The first guy was Shawon Dunston, who fought off pitch after pitch from Kevin McGlinchy before finally getting a single to start the winning rally.
Everything went downhill from there for the Braves.
McGlinchy eventually forced in the tying run on a bases-loaded walk to Todd Pratt and then Robin Ventura hit a ball over the wall to win the game. He never made it around the bases and was credited with a game-winning RBI single.
McGlinchy welcomed the challenge and opportunity to close the game out. The fact is, he was the last Braves pitcher available except for starters Kevin Millwood, who will pitch Game 6 on Tuesday, John Smoltz, who pitched Saturday and Tom Glavine, who pitched Friday.
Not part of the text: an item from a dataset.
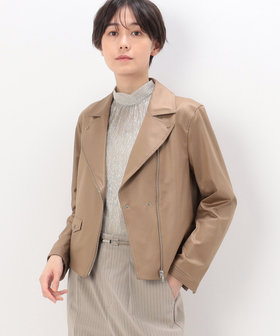 TALLサイズ 〕 ポンチフェイクレザーエンボス ライダース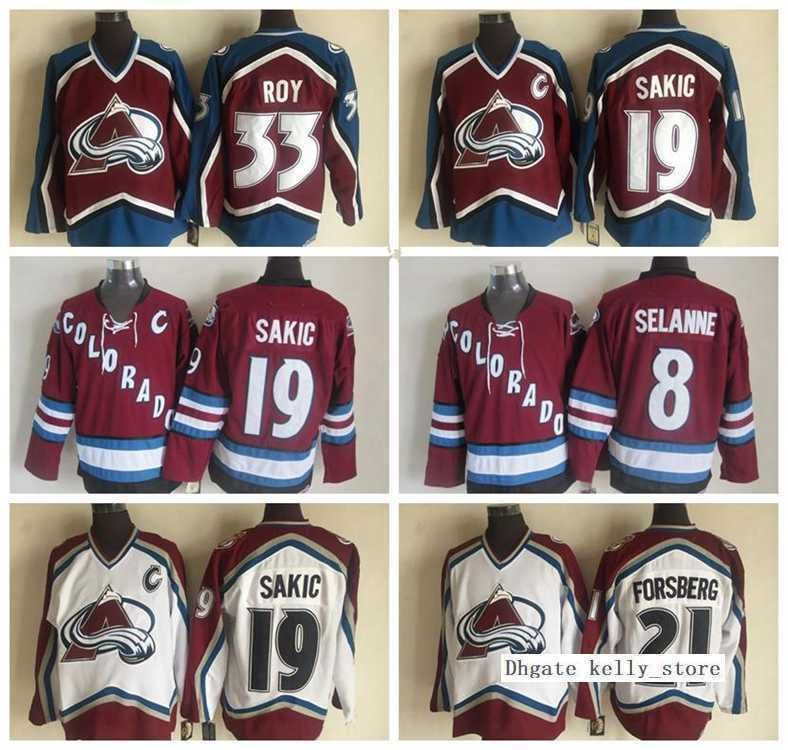 Colorado Avalanche Vintage Hockey Jerseys SAKIC Jersey 33 ROY FORSBERG 8 SELANNE 52 FOOTE 9 KARIYA CCM Throwback Stitched, White
Colorado Avalanche Vintage Hockey Jerseys SAKIC Jersey 33 ROY FORSBERG 8 SELANNE 52 FOOTE 9 KARIYA CCM Throwback Stitched, White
"Anybody wants the ball with the game on the line," the rookie said. "I wanted to get guys out. I had to come in to Ventura because I was behind in the count. It's one of those things. You have to forget it. Baseball is a crazy game. This was a crazy game."
Manager Bobby Cox gave credit to the resiliency of the Mets, who went from the first inning to the 15th without scoring, but still found a way to win.
"Any team, you know, you give them a chance to win," he said. "Nobody is going to give up once you've gotten this far. Nobody is. Every team should be that way.
"We missed way too many opportunities tonight. We should have scored many more runs. We had a few more chances than they did. It's not an easy way to lose a ballgame, the way we lost it."
Even in the inning when the Braves scored their first two runs, they came away with less than they might have.
The bases-loaded situations might have been turning points if Atlanta had not wasted so many other chances. Perhaps the most painful came in the 13th inning when Lockhart singled with two out and tried to score from first on Chipper Jones' double. He was thrown out by at least 10 feet.
Batting just .198 in the first four games of the series, the Braves had one brief breakthrough, stringing consecutive doubles by Bret Boone and Jones and a single by Brian Jordan to tie the score 2-2 in the fourth.
When Ryan Klesko walked, there were two on and no outs. But Orel Hershiser came out of the Mets bullpen to strike out Andruw Jones and Eddie Perez, and get Weiss on a roller to first base.
Atlanta's best chances came in the sixth and seventh, even though they never got a hit in either inning. Both times they loaded the bases. Both times they came away with nothing.
In the sixth, with pitcher Greg Maddux at bat, Cox put on the squeeze, despite a two-strike count. Maddux missed the bunt for strike three and Ryan Klesko had no chance coming down the line from third and was tagged out to end the inning.
"The ball was right down the middle," Cox said. "He's never missed one of those. I don't know what happened. He didn't either. We would have been home about 31/2 hours ago if we got that down. But we missed it."
An inning later, the Braves were back, knocking on the door again, and again they were turned away, this time when reliever Pat Mahomes got Andruw Jones on a fly ball, ending the threat.
It was like that all night for Atlanta. Finally, in the 15th, a triple by Lockhart drove in Weiss with the go-ahead run. But the Mets weren't done.
When Ventura delivered the winning hit, the Braves ran out of chances and now they won't get anymore until Tuesday when the series returns to Atlanta for Game 6.